In the meantime, Israelis can only laugh at their predicament. Nearly 900,000 people—a huge number in a country of 7 million—tuned in to watch the election episode of "Wonderful Country," Israel's version of "Saturday Night Live." The show's actors insist they aim to be politically neutral, but the young studio audience had clear preferences—a portent, perhaps, of the final election results. Warming them up before the show, one of the actors asked the crowd: "Who voted for Bibi?" Silence. "Don't be embarrassed," he continued. "He'll win in the end." Mention of hard-liner Avigdor Lieberman's name drew a few lusty whistles from the back of the crowd. "Don't be so enthusiastic," the warm-up man needled. "That's s---." Only when he called out Livni's name did the audience sprout with dozens of raised hands.
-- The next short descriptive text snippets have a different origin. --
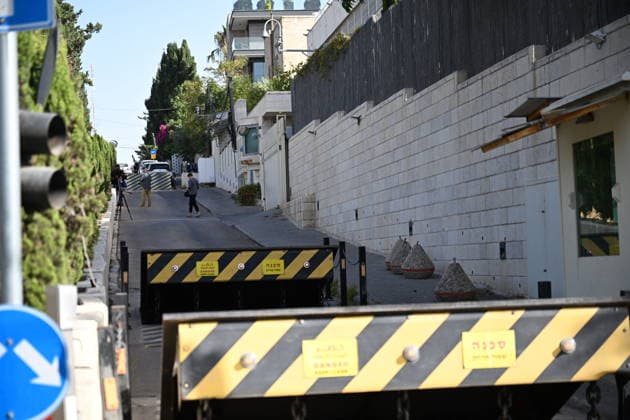 UK removes signage from consulate in East Jerusalem JERUSALEM - OCTOBER 08: Signage is removed from the British Consulate in East Jerusalem on October 08, 2026, following the expiration of a deadline set by Israeli authorities for the consulate s closure. Mostafa Alkharouf Anadolu Jerusalem Israel. Editorial use only. Please get in touch for any other usage.  Copyright: x2026xAnadoluxMostafaxAlkharoufx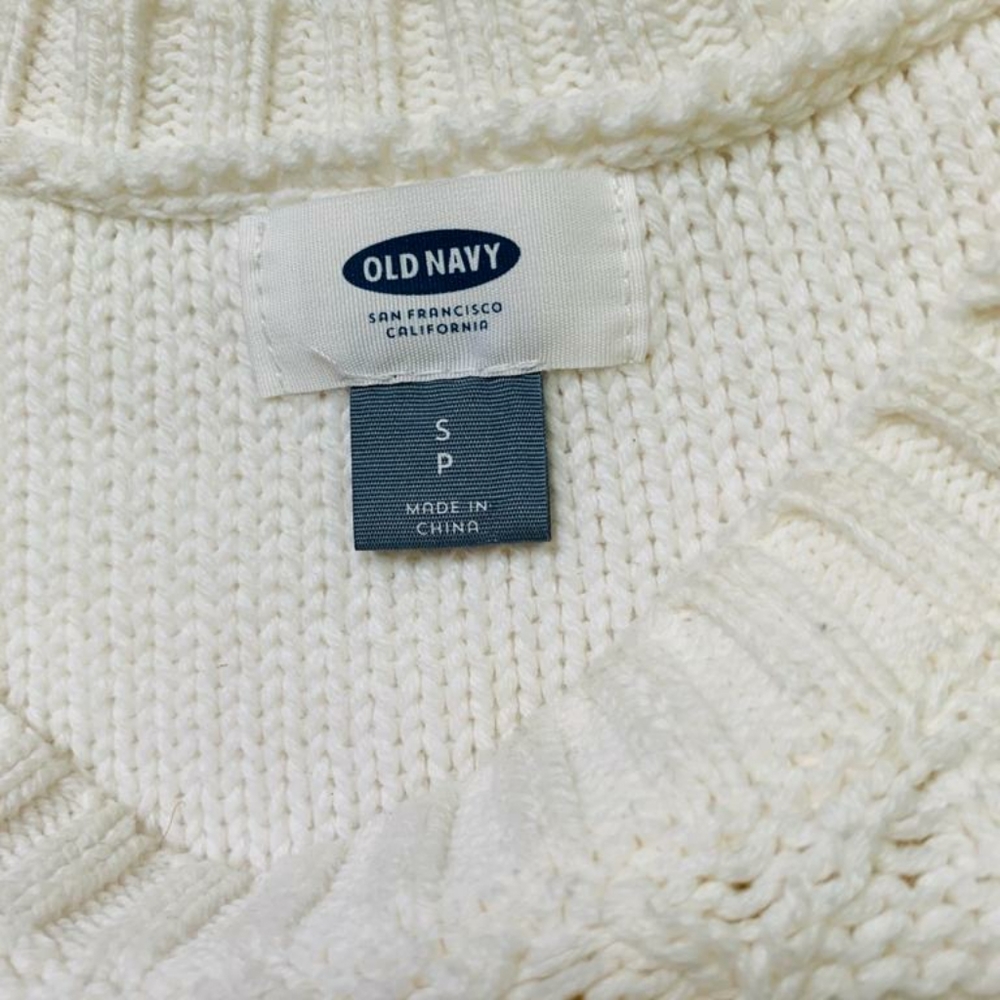 sweater - Picture 3 of 3
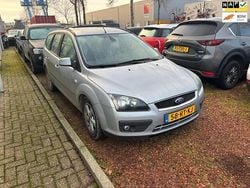 Grijs Gebruikt 2005 Ford Focus Futura Stationwagen | € 1.750 (Eerlijke prijs)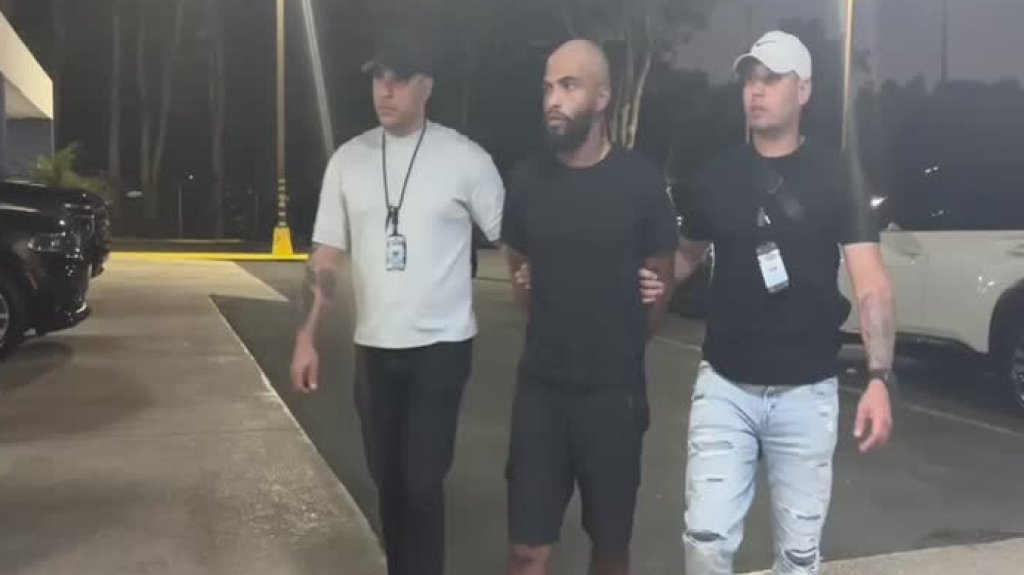  Video: Lo arrestaron con una pistola ilegal en caser&iacute;o de San Juan 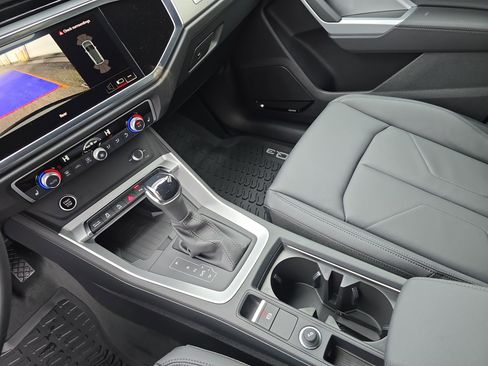 New 2025 Audi Q3 2.0T Premium image 24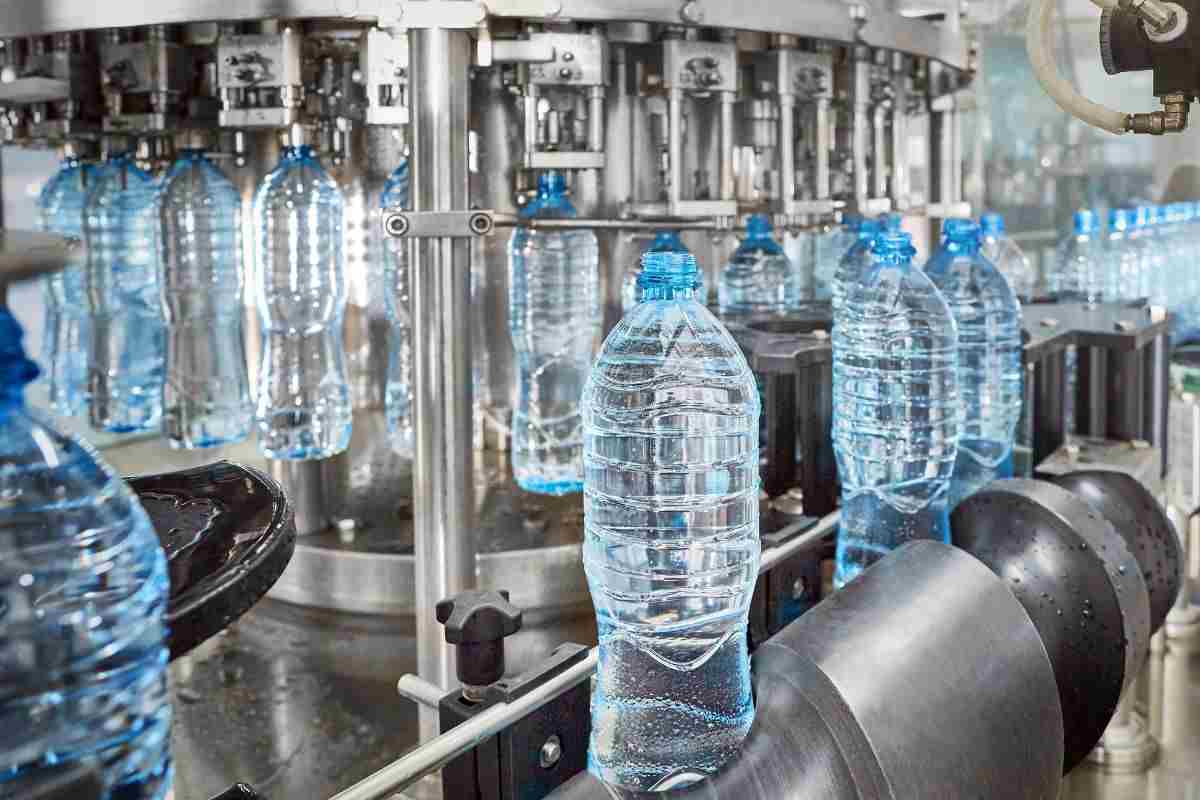 Acqua minerale contaminazione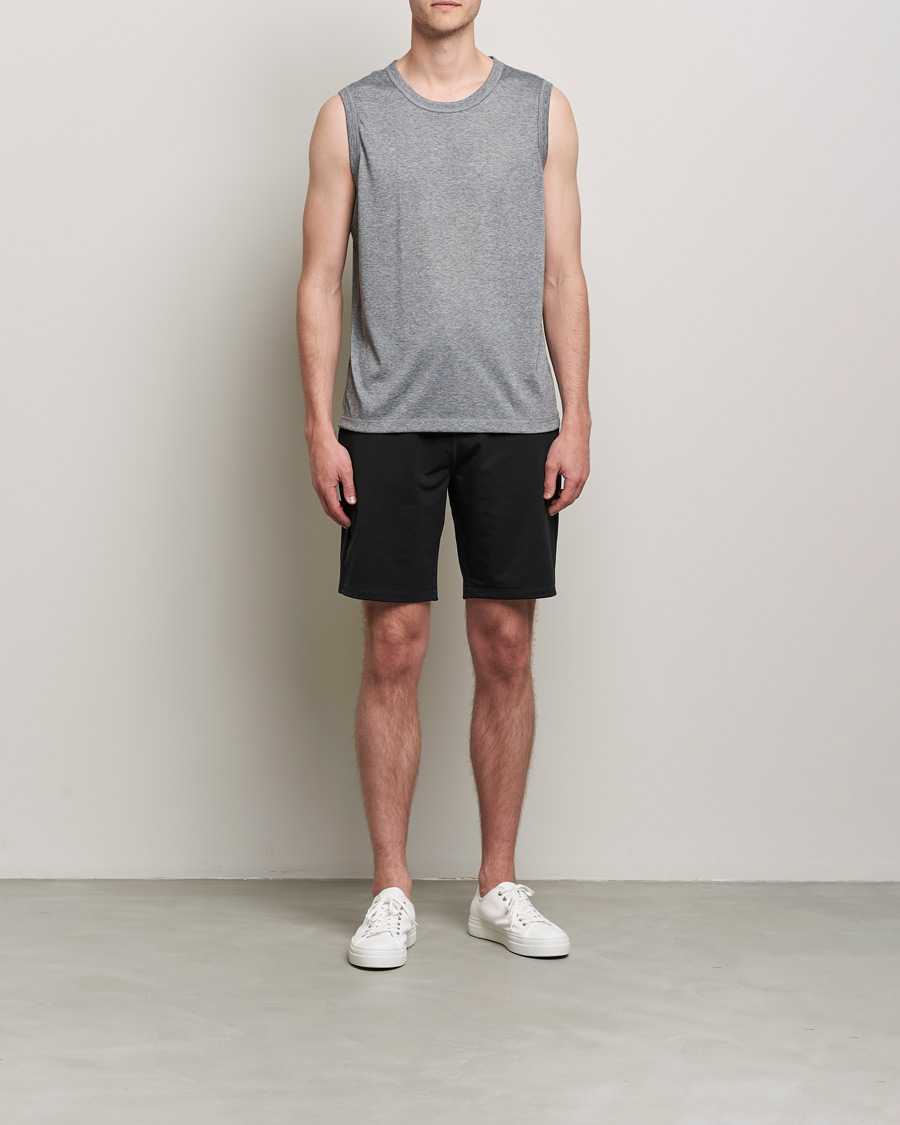Mies | T-paidat | Sunspel | Active Vest Grey Melange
Just a few months ago, Livni's political prospects seemed to be fading. After Prime Minister Ehud Olmert announced his resignation this past fall, Livni failed to cobble together a governing majority, essentially making the election Netanyahu's to lose. Yet once the guns fell silent in Gaza, Livni's campaign slowly gathered momentum; in the last few weeks, the foreign minister's raucus crowds were sporting trendy T shirts silk-screened with the slogan BELIEVENI. Orna Banai, the actress who plays Livni on "Wonderful Country," says she's had to adjust her impression as Livni has refined her public persona. "Two years ago she was so different," says Banai. "She was lacking in confidence then, she would hesitate more. It's much more fun now—she's stronger, she's more interesting." Banai said she hoped Livni would ultimately take over as P.M., but didn't seem very confident about that outcome. "Israelis are masochists," she concluded.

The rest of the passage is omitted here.